* [Exercise objective]:
Every line from the one containing "R&b 2 Pack Padded Sports Bras" to the end of the data below should be copied exactly, but pictures should not.

* [Data]:
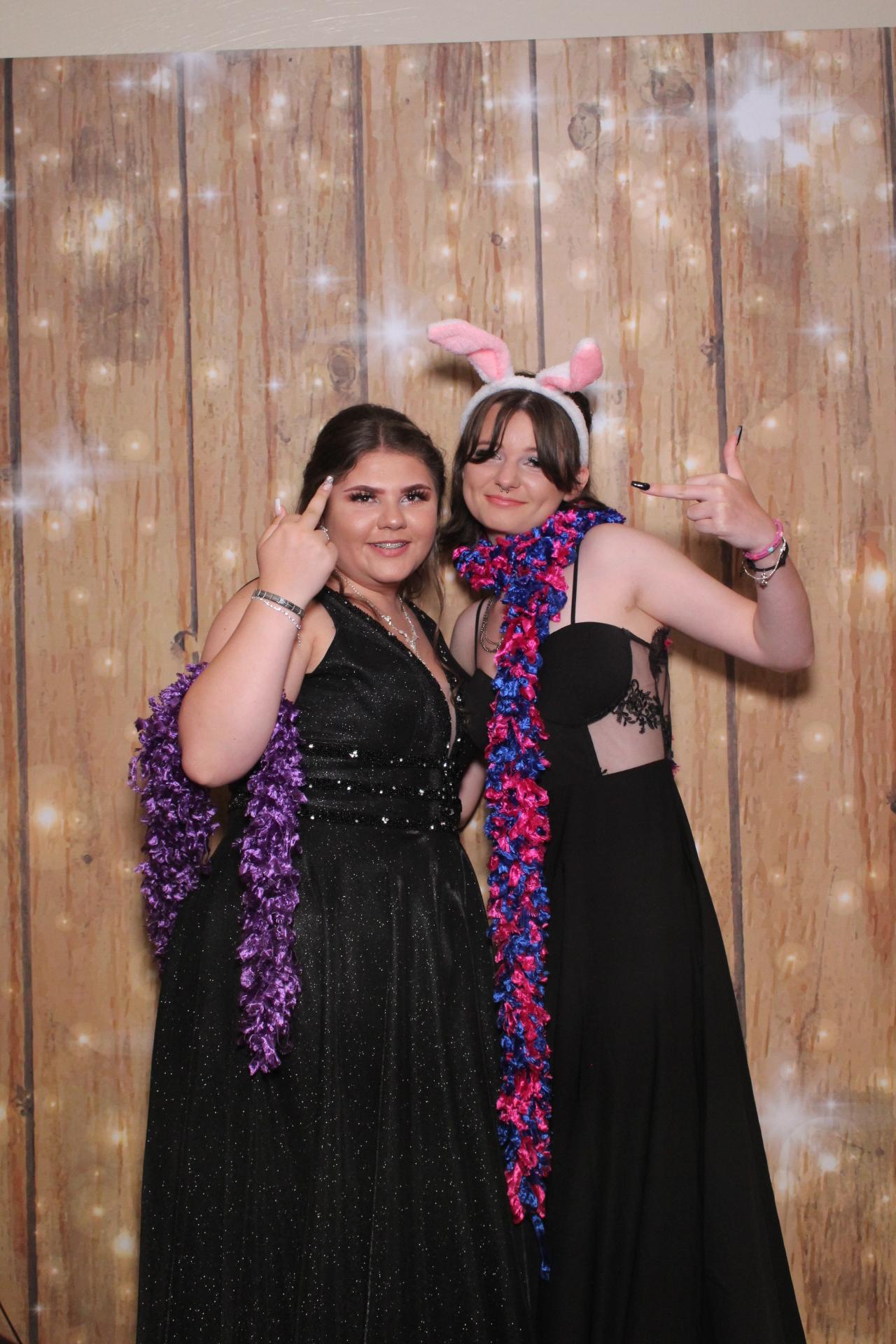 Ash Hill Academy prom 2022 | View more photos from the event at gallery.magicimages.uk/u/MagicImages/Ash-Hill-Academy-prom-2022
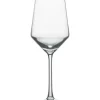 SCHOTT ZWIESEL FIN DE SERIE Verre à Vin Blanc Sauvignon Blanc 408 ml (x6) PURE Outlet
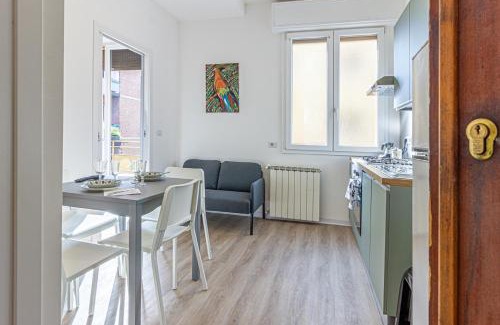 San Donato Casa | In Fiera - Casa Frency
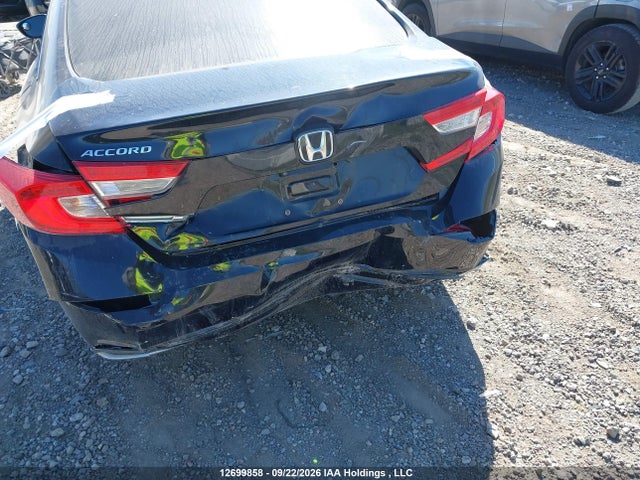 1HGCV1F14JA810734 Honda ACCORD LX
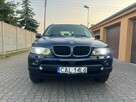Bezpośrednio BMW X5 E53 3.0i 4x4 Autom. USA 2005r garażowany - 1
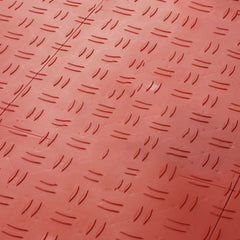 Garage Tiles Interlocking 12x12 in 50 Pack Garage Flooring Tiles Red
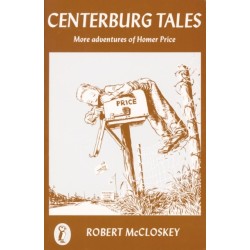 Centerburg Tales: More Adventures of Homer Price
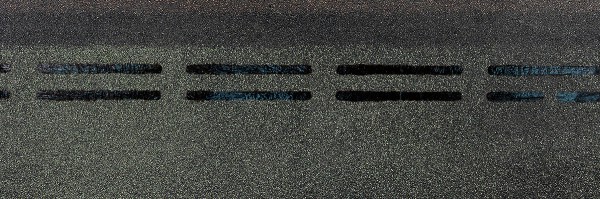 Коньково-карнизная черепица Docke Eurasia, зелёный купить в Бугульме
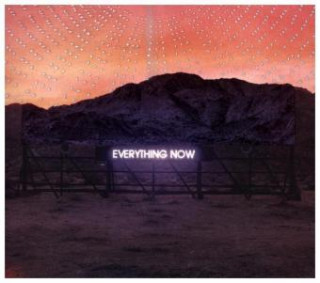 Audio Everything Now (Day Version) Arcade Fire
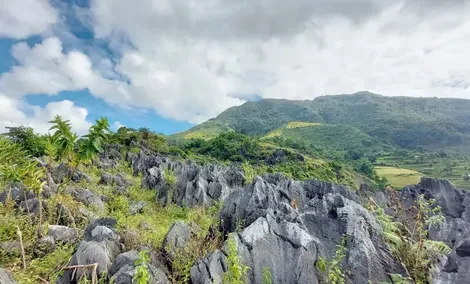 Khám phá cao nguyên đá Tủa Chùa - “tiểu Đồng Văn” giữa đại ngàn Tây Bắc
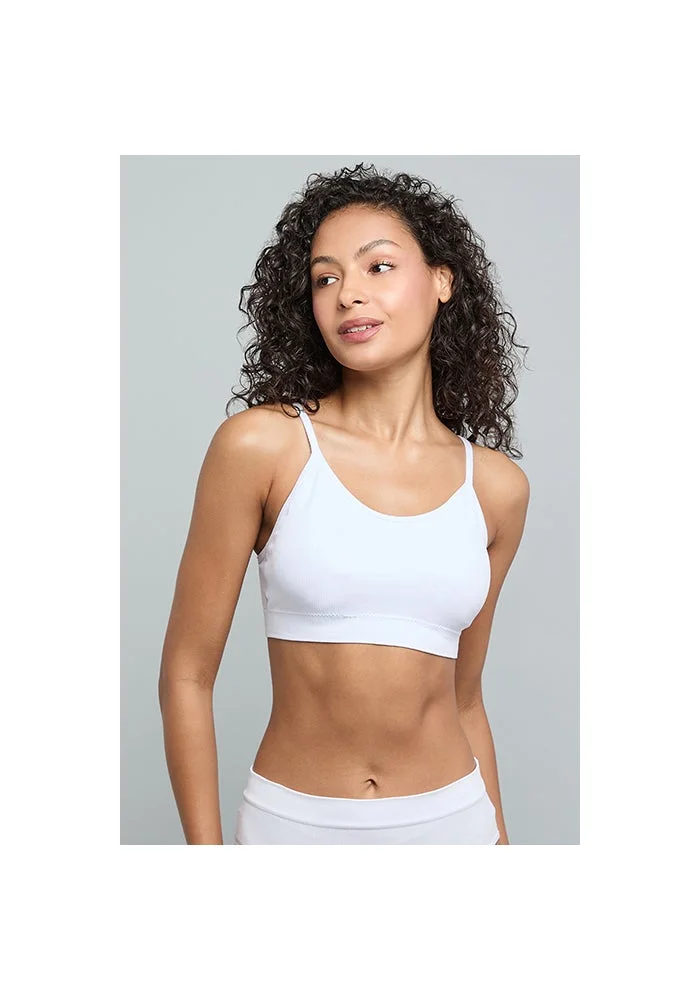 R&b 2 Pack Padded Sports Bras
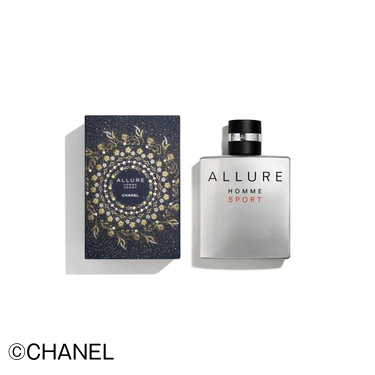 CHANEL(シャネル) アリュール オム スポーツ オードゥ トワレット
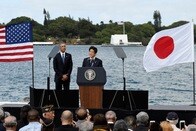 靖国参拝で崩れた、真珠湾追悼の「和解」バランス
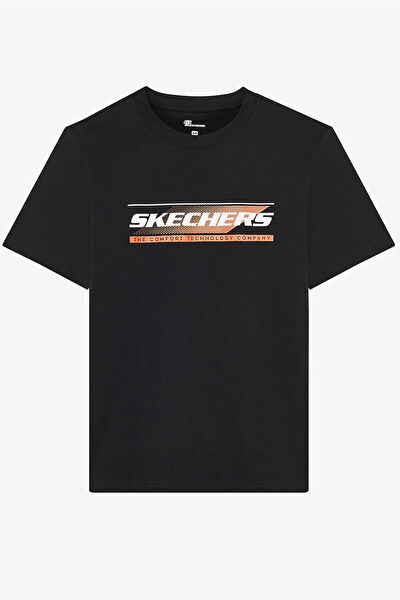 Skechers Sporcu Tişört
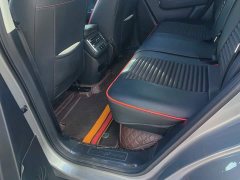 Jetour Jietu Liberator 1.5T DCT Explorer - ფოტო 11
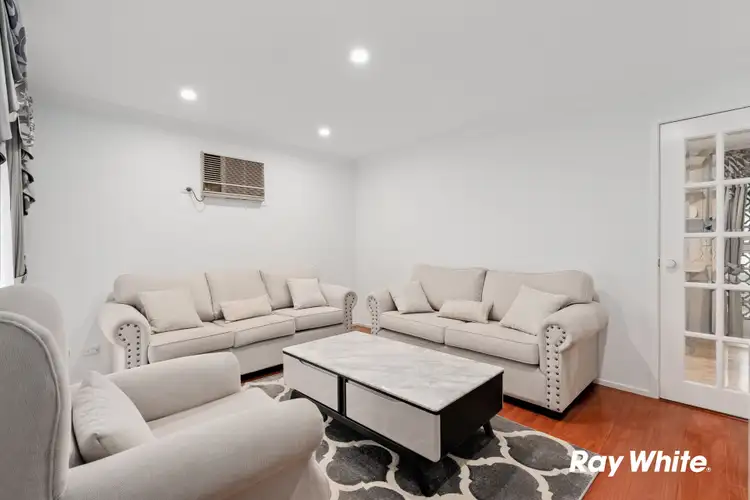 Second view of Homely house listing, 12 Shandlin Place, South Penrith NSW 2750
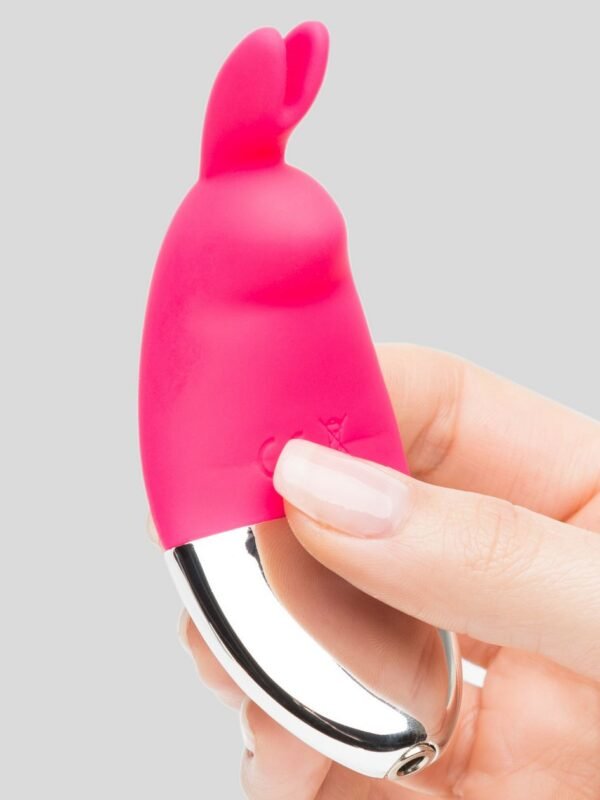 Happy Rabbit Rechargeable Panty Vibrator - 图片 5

* [Task result]:
 R&b 2 Pack Padded Sports Bras
 CHANEL(シャネル) アリュール オム スポーツ オードゥ トワレット
 靖国参拝で崩れた、真珠湾追悼の「和解」バランス
 Skechers Sporcu Tişört
 Jetour Jietu Liberator 1.5T DCT Explorer - ფოტო 11
 Second view of Homely house listing, 12 Shandlin Place, South Penrith NSW 2750
 Happy Rabbit Rechargeable Panty Vibrator - 图片 5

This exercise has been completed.